Several of the key surveillance reforms unveiled by US President Barack Obama face complications that could muddy the proposals’ lawfulness, slow their momentum in the US Congress and saddle the government with heavy costs and bureaucracy, legal experts say.
Despite Obama’s plans to shift the US National Security Agency’s (NSA) mass storage of Americans’ bulk telephone records elsewhere, telephone companies do not want the responsibility, and the government could face privacy and structural hurdles in relying on any other entity to store the data.
Constitutional analysts also question the legal underpinning of Obama’s commitment to setting up an advisory panel of privacy experts to intervene in some proceedings of the secret US Foreign Intelligence Surveillance Court, which oversees the NSA’s data mining operations. Obama has asked Congress to set up such a panel, but senior federal judges already oppose the move, citing practical and legal drawbacks.
The secret courts now operate with only the government making its case to a federal judge for examining someone’s telephone data. Civil libertarians have called for a voice in the room that might offer the judge an opposing view.
“The devil is in the details of how the government collects and retains phone records, and I think we’re going to see pretty quickly the lack of specificity behind some of the president’s promises,” American Civil Liberties Union executive director Anthony Romero said.
The surveillance programs have been under fire since former NSA analyst Edward Snowden absconded with an estimated 1.7 million documents related to surveillance and other NSA operations, giving the documents to journalists around the world. Revelations in the documents sparked a furor over whether Americans have been giving up privacy protections in exchange for intelligence-gathering on terrorism.
The revelations about US surveillance programs have also damaged US relations with key allies, including Germany, following reports that the NSA had monitored communications of European citizens — even listening in on German Chancellor Angela Merkel’s cellphone.
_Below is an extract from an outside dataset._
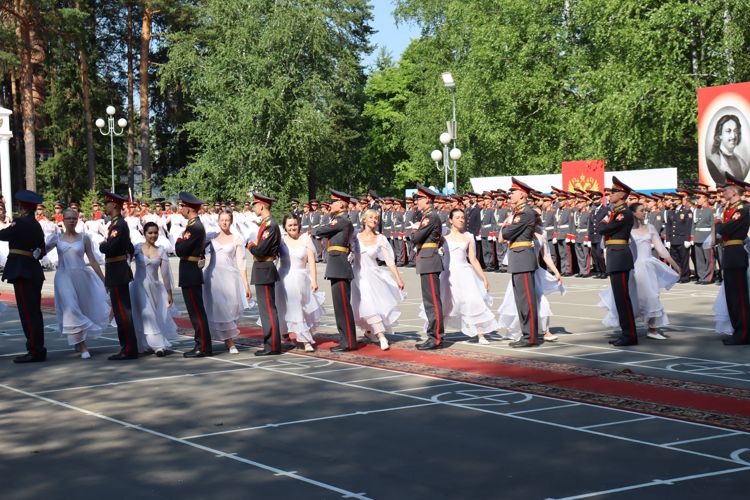 В добрый путь во взрослую жизнь — шагом марш!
Obstacles to enacting Obama’s plans are expected to mount quickly as administration officials and legislators grapple over what sort of entity will oversee the calling records swept up by the NSA. Obama ordered the US Department of Justice and intelligence officials to devise a plan within the next two months.
Privacy advocates also questioned the administration’s silence on what it will do with hundreds of millions of telephone records, at minimum, that are now kept on file in government inventories.
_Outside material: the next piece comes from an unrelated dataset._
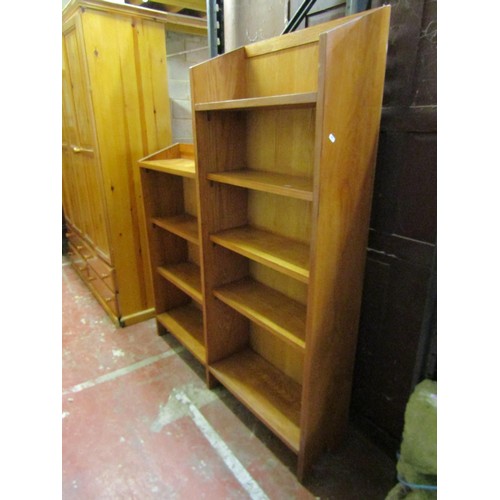 1510 - An oak open bookcase on two graduated tiers, 170cm max height, 140cm wide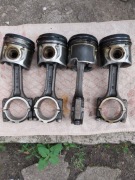 Tłoki z korbowodami Kia Sorento 2.5 CRDI 170km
Citing the NSA’s plans to build a vast data storage facility in Utah, Romero said: “There was nothing in the president’s speech about what’s already in the government’s hands.”
Obama’s task force, the Review Group on Intelligence and Communications Technologies, had recommended cutting the time that the NSA could retain private records from five to two years. However, Obama’s proposals do not address the issue of duration, leaving those records still in NSA control for the foreseeable future.
Who or what takes over the storage of private telephone records is also at issue. Telephone company executives and their lawyers have bluntly told administration officials they do not want to become the NSA’s data minders. Cellular industry executives prefer the NSA keep control over the surveillance program and would only accept changes if they were legally required and spelled out in legislation.
Even with broader legal protections to shield telephone companies from liability, the corporations are wary of being forced to standardize their own data collection to conform to the NSA’s needs. Telecoms already retain various forms of customer records, but the duration of their storage and the kinds of records they keep vary from less than two years, for firms including Verizon, US Cellular and Sprint, to seven to 10 years, for T-Mobile.
Shifting control of telephone metadata from the NSA to cellular providers would cost the government in excess of US$60 million, according to government estimates.
However, telecom executives say the need to build new technical infrastructure and add more staff to contend with records demands would cost far more.
Legal experts say that hiring a private firm or creating a new independent entity to store and oversee the NSA’s telephone records is an even greater hurdle.